Friday, August 30, 2024

Bigby Bear, Vol. 1 by Philipe Coudray

"All-ages" can mean a lot of things. Sometimes it means "designed for the youngest, dullest children and shoved out into the world with a vain hope anyone more experienced will find the tiniest bit of joy in it."

And sometimes it means something like "aimed vaguely at children by ruthlessly removing everything even slightly complicated or nuanced."

But it can also mean "pitched in a tone and using language that bright elementary-schoolers can understand, but serious about itself and unafraid to tackle the kind of Big Ideas that new, smart people are drawn to."

As far as I can tell, the "Bigby Bear" stories of French cartoonist Philipe Coudray are of the third type. This first collection - Bigby Bear, Vol. 1 - contains a hundred single-page stories, which I assume first appeared one by one in French somewhere, but the book doesn't explain where or how. That original publication is copyright 2012-2018, though I suspect that was the two or three smaller collections that were combined for this English-language edition.

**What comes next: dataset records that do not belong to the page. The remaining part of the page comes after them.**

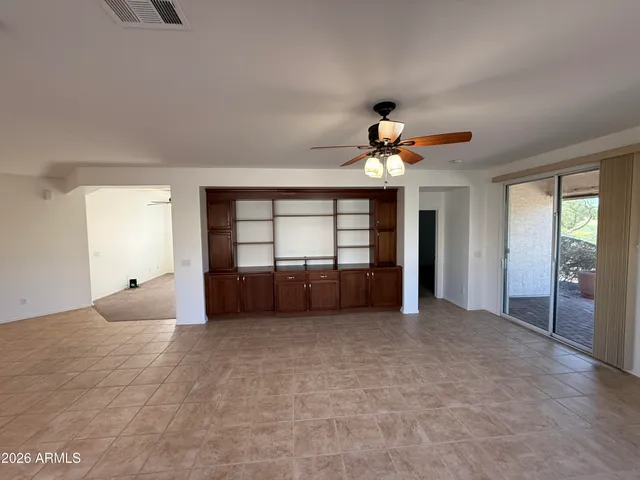 $1,850 | 22508 West Antelope Trail, Buckeye, AZ 85326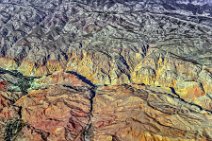 GEO ART - colorful mountainous landscape in eastern Afghanistan - south of Kabul 19 GEO ART - colorful mountainous landscape in eastern Afghanistan - south of Kabul 19.jpg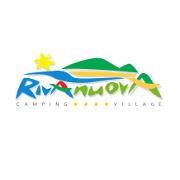 Camping Riva Nuova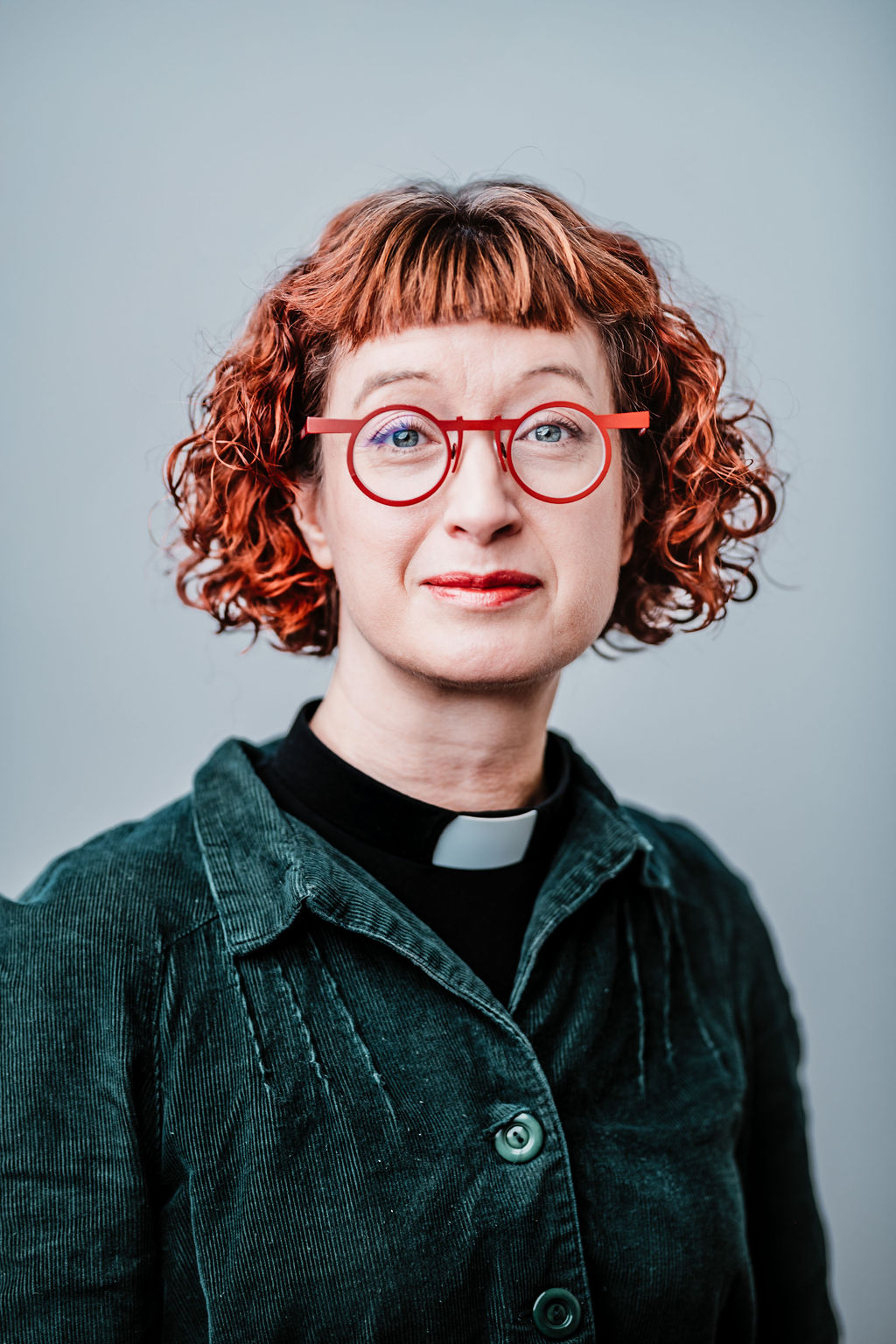 Elin  Engström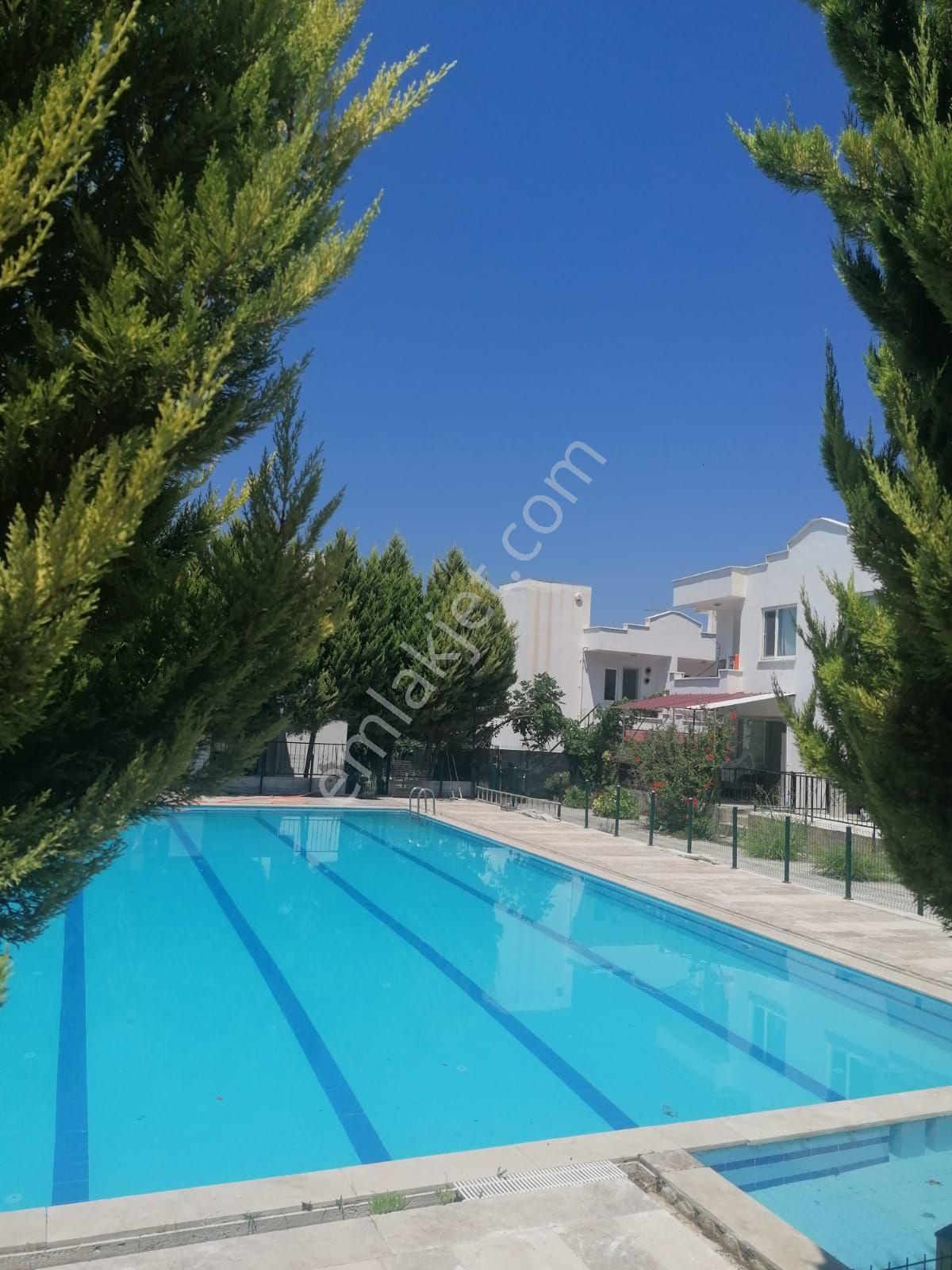 Kuşadası Bayraklıdede Kiralık Daire Kuşadası Esyalı Kıraiık Ev +3+1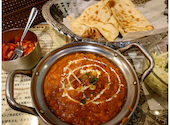インド・ネパール料理 タァバン 松戸駅前店: もーちゃんさんの2026年07月18日の1枚目の投稿写真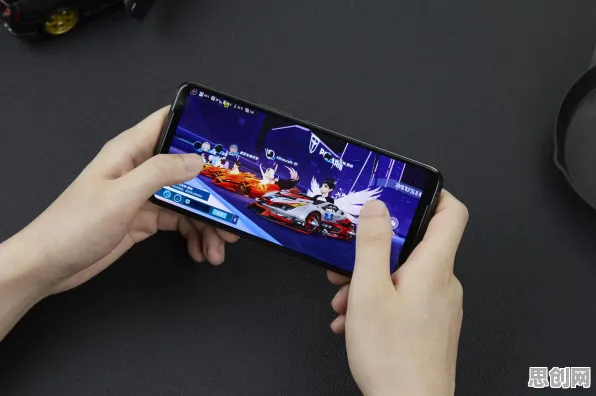 告别经典音乐节奏，试试光遇！模拟经营竞技全新版本上线安卓+iOS，实时对战开黑硬核操作，全新感受！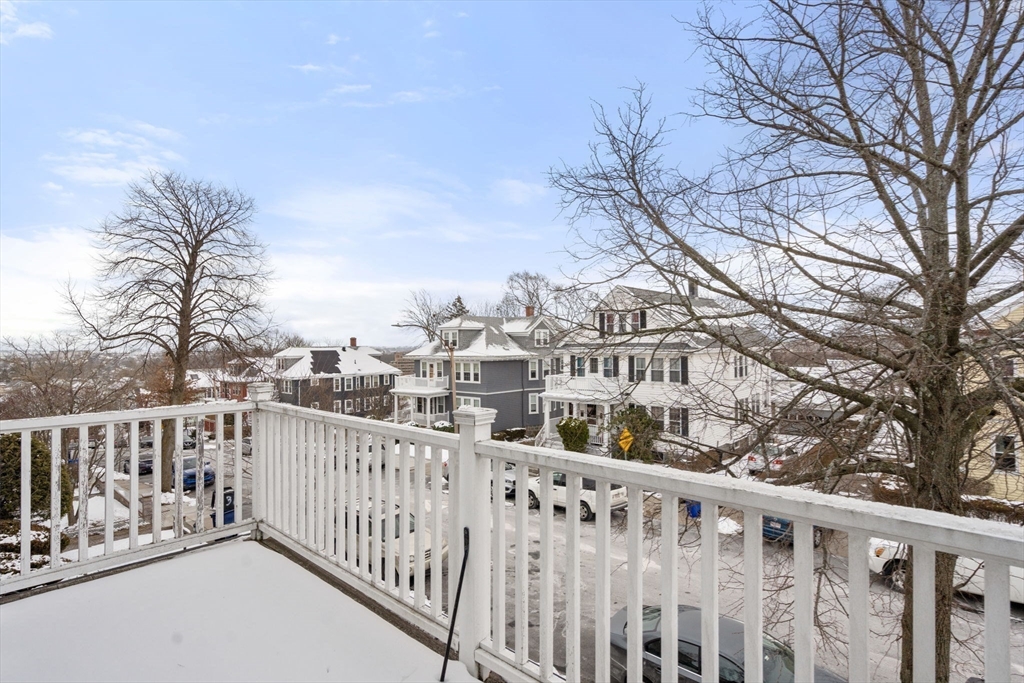 39-41 Codman Hill Ave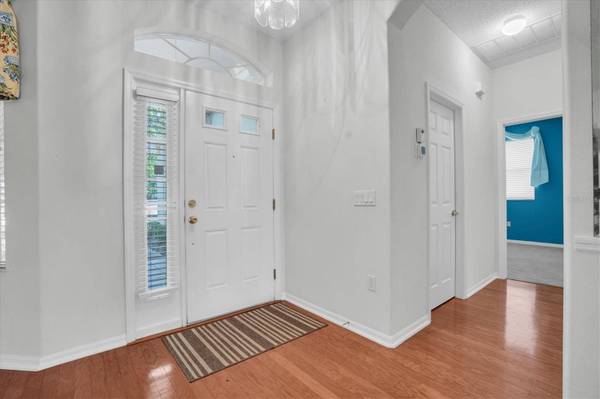 1510 MORNING ROSE PL, Trinity, FL 34655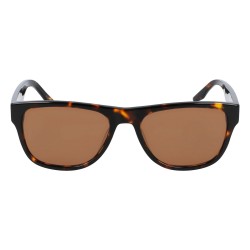 Lunettes de soleil Homme Converse CV500S-ALL-STAR-239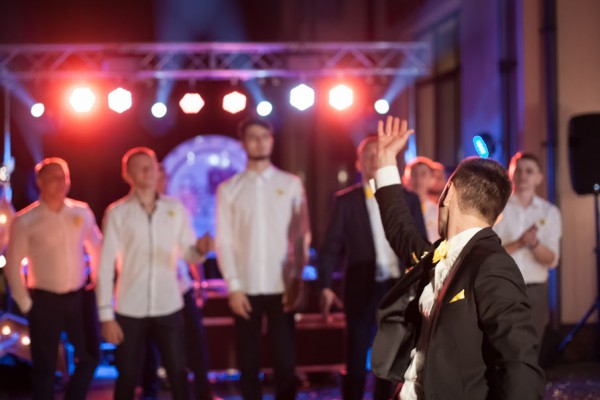 Мартін&Ліза … - Фото 108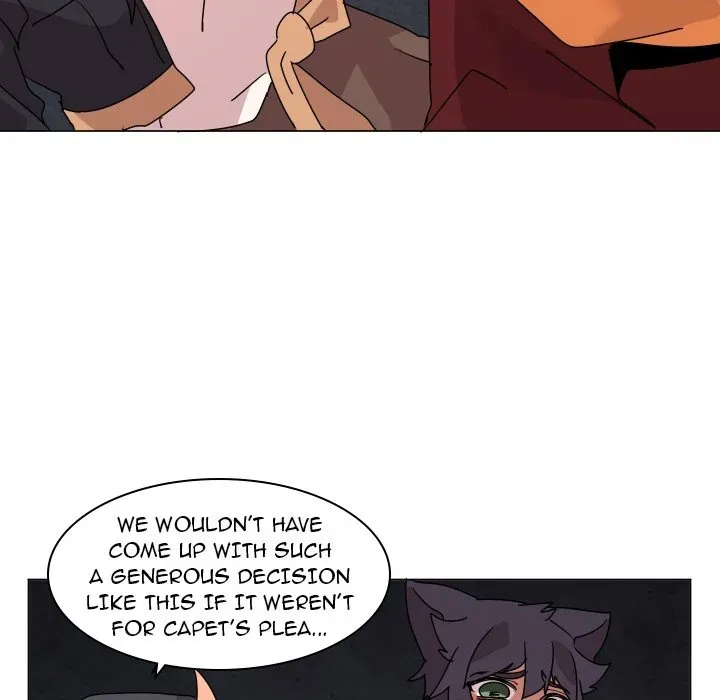 Chapter 36 — page 53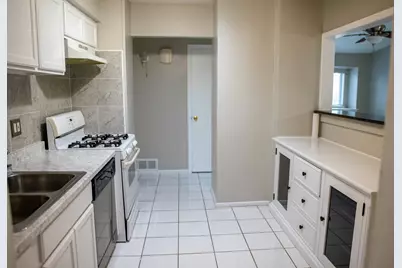 1508 Judy Drive, Plano, TX 75074 - Photo 15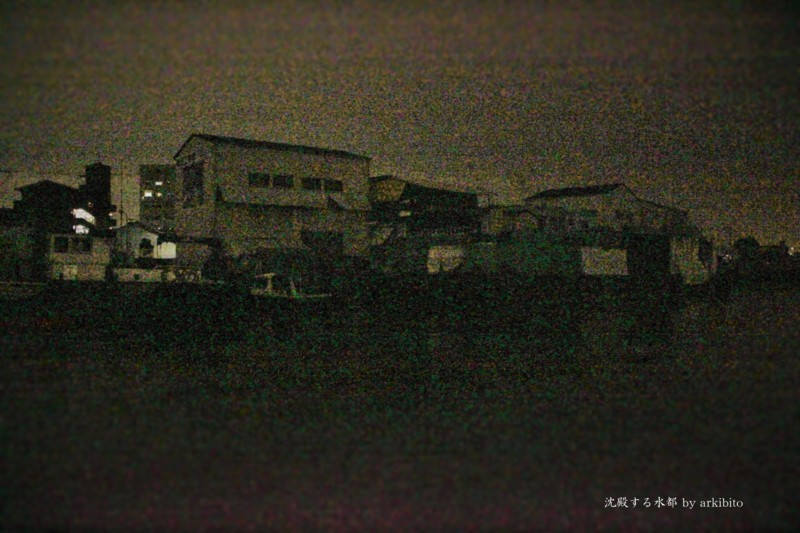 f:id:arkibito:20180320205737j:image:w640 f:id:arkibito:20180320205737j:image:w640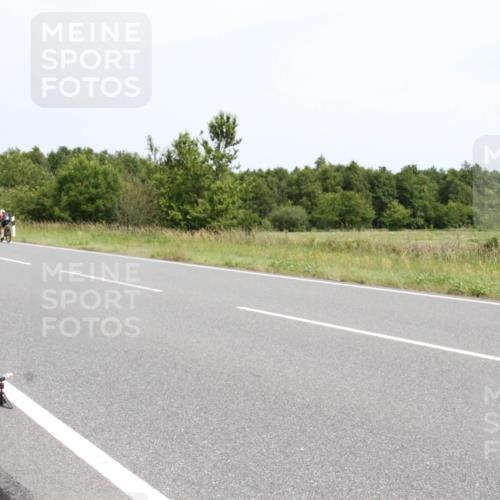 22.06.2025 - Viking Triathlon Yannick Fuchs http://msf.ph/oto/8084728 22.06.2025 13:03:51 Radfahren 538 meine-sportfotos.de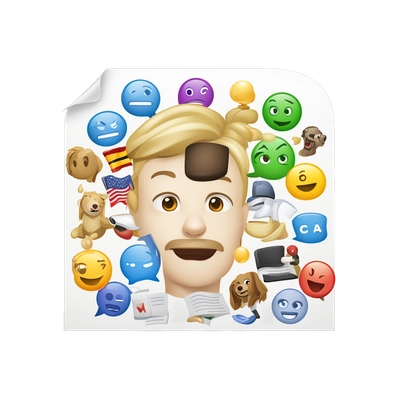 document translation app
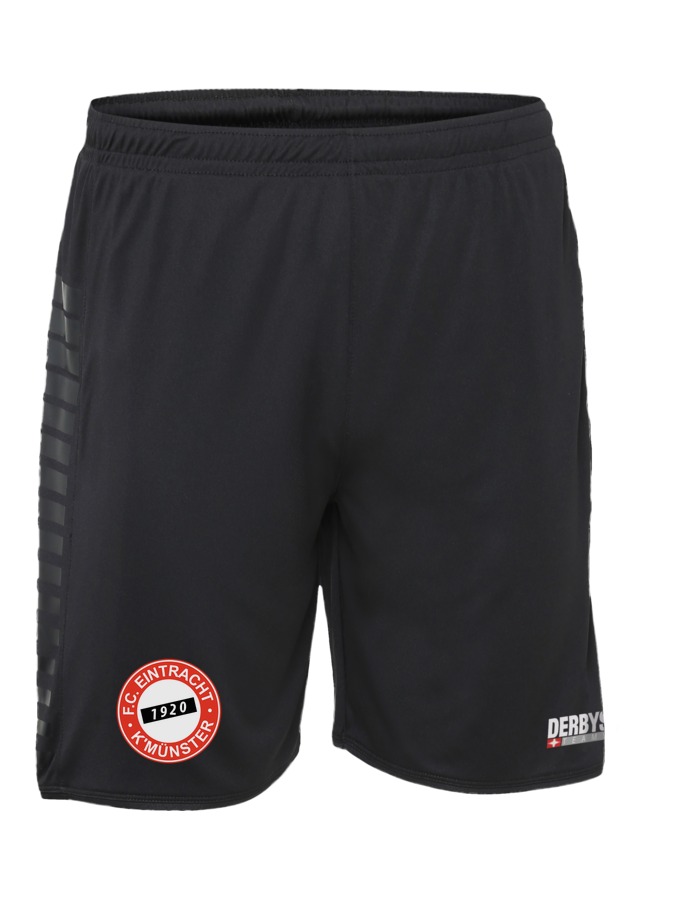 Derbystar Hyper Hose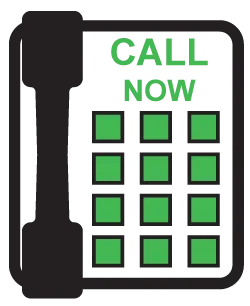 Galaxy Garage Door Service Brooklyn, NY 347-416-5044 Galaxy Garage Door Service Brooklyn, NY 347-416-5044 - sb-phone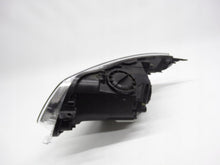 Laden Sie das Bild in den Galerie-Viewer, Frontscheinwerfer Opel Insignia A 13226793 Xenon Rechts Scheinwerfer Headlight SCH2059098751fw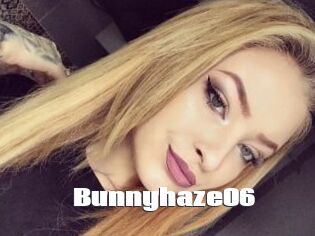 Bunnyhaze06
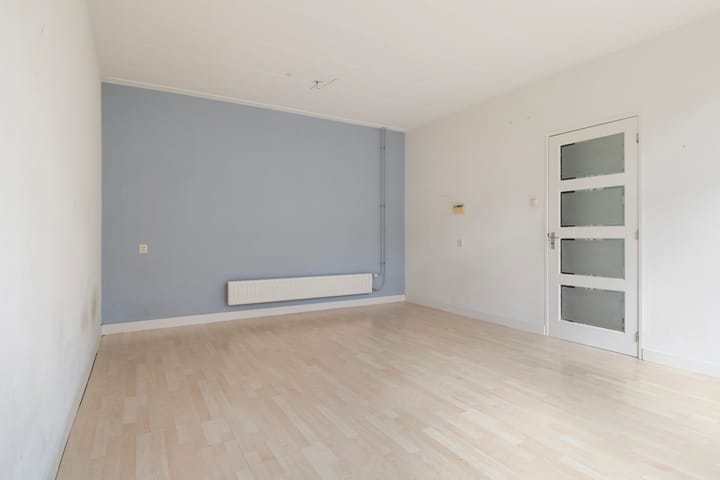 Foto 15 van Jan van de Capellestraat 10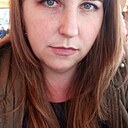 Знакомства: Юлия, 36 лет, Адлер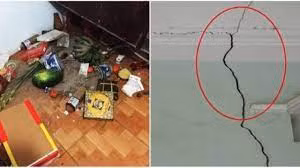 3 dấu hiệu chứng tỏ ngôi nhà bị hung tinh đeo bám, nên hóa giải ngay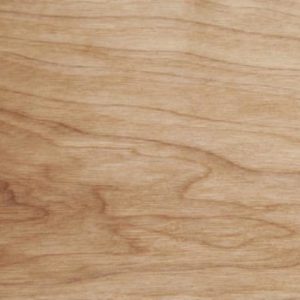 Buy Wholesale Aniegre Lumber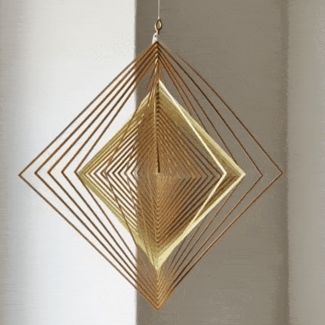 QUICK and EASY PLA PRINT - SPIRIFY SQUARE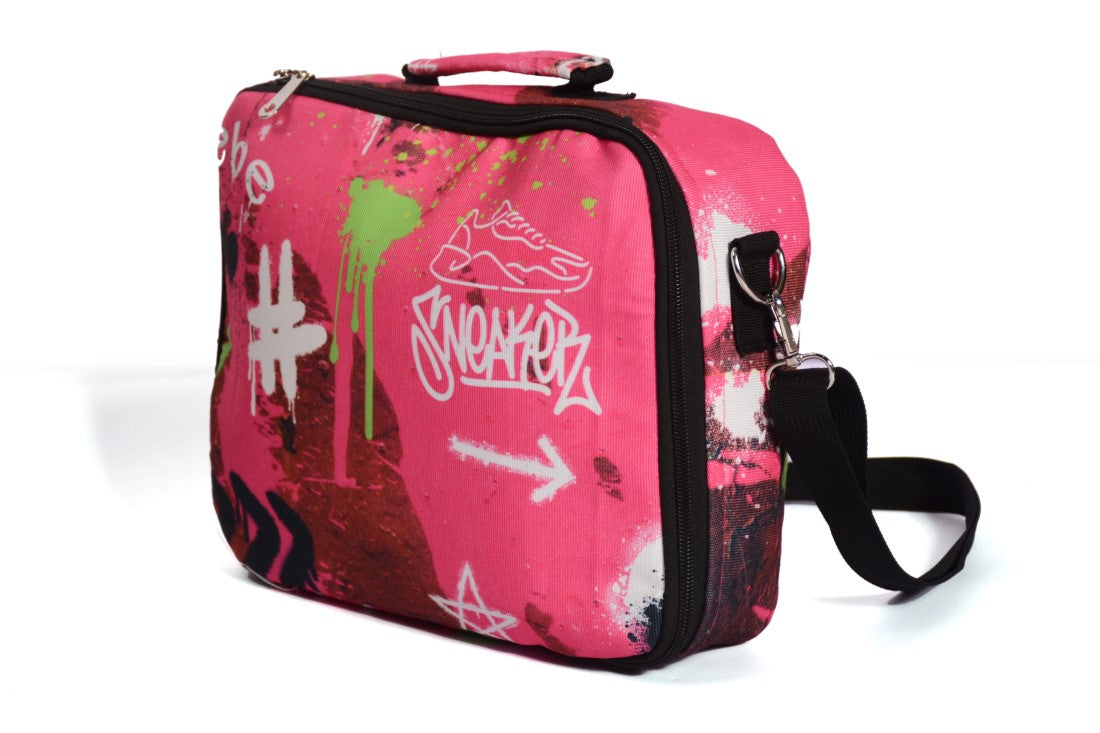 لانش باج بيس كوين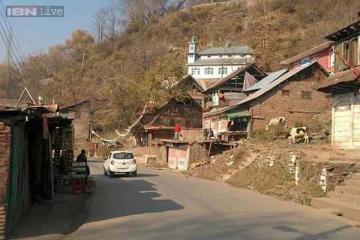 Jammu And Kasmir: Kashmiri Pandits say hurt by 'politics' played over their return, rehabilitation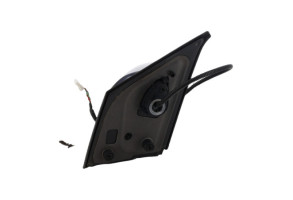 Retroviseur droit CITROEN C1 2 Photo n°4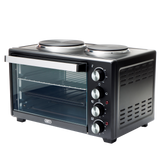 Defy MOH2330BL 30L Mini Oven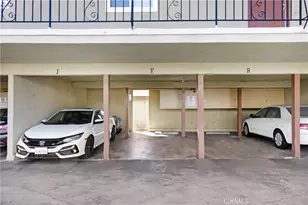 837 S Sierra Vista, Alhambra, CA 91801 - Photo 5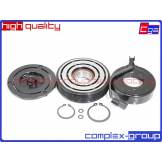 Муфта компрессора кондиционера (CGA) T31 T31R MR20DE 13MC1005HDRA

This version was translated by Miceal Ogriefa and published by Humanoids' all-ages BiG imprint in 2019.

Coudray uses a cartoony, simple, energetic style to tell these short vignettes about a thoughtful, quirky bear and his friend Rabbit, along with some other occasional forest animals as supporting cast. The stories about about exploration, wordplay, some humorous reversals, and a whole lot of cartoon thinking - digging a deep hole to see the sunset first, exploring how shadows work as the day goes on, and other things like that.

Again, mostly ideas that an eight-year-old might have had, in exactly that way or a less sophisticated version - the odd, "how does this really work" ideas that are partially joke, partially an attempt to understand how the world really does work, and partially tying to sketch out how the world should work.

This is amusing and fun, not quite getting into meta-comics but occasionally coming close - Bigby is an explorer and a thinker, a creator of art and an active outdoorsman (well, he's a bear, so I suppose everything he does is outdoors, and he's not a man, but you know what I mean). He's an engaging character in a wide world full of color and life and ideas, and his stories are the kind of all-ages work that works just as well for adults as for children.